The statements of most theorems (e.g. Theorem 3.4, Theorem 4.2, 4.3 and others) should be rephrased. Indeed, assumptions are stated before the quantities they use are defined, which is done later, and the assumptions are not stated in the correct order, etc.
Remark 2.4: the first example CANNOT be true in general as the projection can become dense if the hypercube does not contain the origin.
In the beginning of Section 3.2 and throughout the manuscript concerning the "three-point lemma": this is known as firm quasiexpansiveness in operator and fixed point theory. The authors state that this is their main theoretical finding (in fact Lemma 3.6), and once this is done, the rest of the proof follows the same pattern as what has been done in the literature. In this respect, I was not convinced by the originality of this paper (which is still 60 page long) especially for a top venue such as ICML.

实验设计与分析

The paper is only theoretical and no experiments are reported.

补充材料

Contains proofs that I read partly.

与现有文献的关系

The discussion of the literature is good enough though one key paper is missing (see hereafter).
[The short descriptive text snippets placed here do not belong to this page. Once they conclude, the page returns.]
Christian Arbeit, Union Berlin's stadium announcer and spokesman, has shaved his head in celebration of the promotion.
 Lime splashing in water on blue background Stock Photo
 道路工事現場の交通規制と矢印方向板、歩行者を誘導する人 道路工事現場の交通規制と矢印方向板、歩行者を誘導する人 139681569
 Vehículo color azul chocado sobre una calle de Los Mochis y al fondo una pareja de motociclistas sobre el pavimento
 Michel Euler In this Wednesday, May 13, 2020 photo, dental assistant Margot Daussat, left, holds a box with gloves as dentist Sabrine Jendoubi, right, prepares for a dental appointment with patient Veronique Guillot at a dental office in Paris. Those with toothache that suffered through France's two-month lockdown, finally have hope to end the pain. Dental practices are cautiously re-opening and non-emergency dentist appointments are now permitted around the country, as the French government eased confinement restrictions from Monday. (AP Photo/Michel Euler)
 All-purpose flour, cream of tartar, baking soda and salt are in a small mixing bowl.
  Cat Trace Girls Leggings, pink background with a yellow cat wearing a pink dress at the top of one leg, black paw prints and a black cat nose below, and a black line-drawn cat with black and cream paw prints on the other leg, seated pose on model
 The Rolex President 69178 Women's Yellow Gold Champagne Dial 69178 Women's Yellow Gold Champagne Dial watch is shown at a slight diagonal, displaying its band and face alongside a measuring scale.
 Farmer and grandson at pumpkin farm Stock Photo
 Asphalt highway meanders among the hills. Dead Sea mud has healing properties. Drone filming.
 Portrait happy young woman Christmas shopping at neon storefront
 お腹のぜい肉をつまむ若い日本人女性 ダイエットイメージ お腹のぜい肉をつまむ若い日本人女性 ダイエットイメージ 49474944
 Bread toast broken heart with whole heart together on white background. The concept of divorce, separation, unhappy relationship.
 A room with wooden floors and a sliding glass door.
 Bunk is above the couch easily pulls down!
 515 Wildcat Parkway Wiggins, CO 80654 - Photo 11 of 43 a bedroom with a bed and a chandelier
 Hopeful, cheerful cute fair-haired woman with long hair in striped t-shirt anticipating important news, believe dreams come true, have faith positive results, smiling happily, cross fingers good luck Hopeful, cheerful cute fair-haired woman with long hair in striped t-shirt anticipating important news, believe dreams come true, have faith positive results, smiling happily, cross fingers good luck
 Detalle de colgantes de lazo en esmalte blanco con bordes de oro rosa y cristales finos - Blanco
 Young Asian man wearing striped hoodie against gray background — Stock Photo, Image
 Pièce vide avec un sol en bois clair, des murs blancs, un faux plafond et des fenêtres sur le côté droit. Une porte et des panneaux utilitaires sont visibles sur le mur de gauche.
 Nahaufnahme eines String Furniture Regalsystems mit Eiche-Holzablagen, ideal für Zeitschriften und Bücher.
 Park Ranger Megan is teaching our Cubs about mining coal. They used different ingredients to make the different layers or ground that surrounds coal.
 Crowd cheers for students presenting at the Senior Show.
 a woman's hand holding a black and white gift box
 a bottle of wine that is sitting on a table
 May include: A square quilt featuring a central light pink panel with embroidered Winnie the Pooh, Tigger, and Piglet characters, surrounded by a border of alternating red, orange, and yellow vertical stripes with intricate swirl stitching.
The relation to theory of (firm) quasinonexpansive operator theory is also missing.

遗漏的重要参考文献

On of the first (if not the first) papers on IHT is that of Blumensath and Davies in 2008. It is surprising not to cite this seminal work.

其他优缺点

Strengths: Mostly well written with solid results.

Weaknesses: Novelty and lack of motivation. Overstatements.

其他意见或建议

It would be wise to state that problem (1) is assumed to be well-posed from the very beginning (typically R is bounded from below and the set of minimizers is non-empty).
Algorithm 2: in the last line "=" should be an inclusion to remove any ambiguity.
Foygel Barber is also cited as Barber. The former is the appropriate one.
Page 3: "the derivation a variant" -> "the derivation of a variant".

作者回复

2025-03-30

Thanks a lot for your comments, we hope the answers below can address them, and we remain at your disposal for any additional questions.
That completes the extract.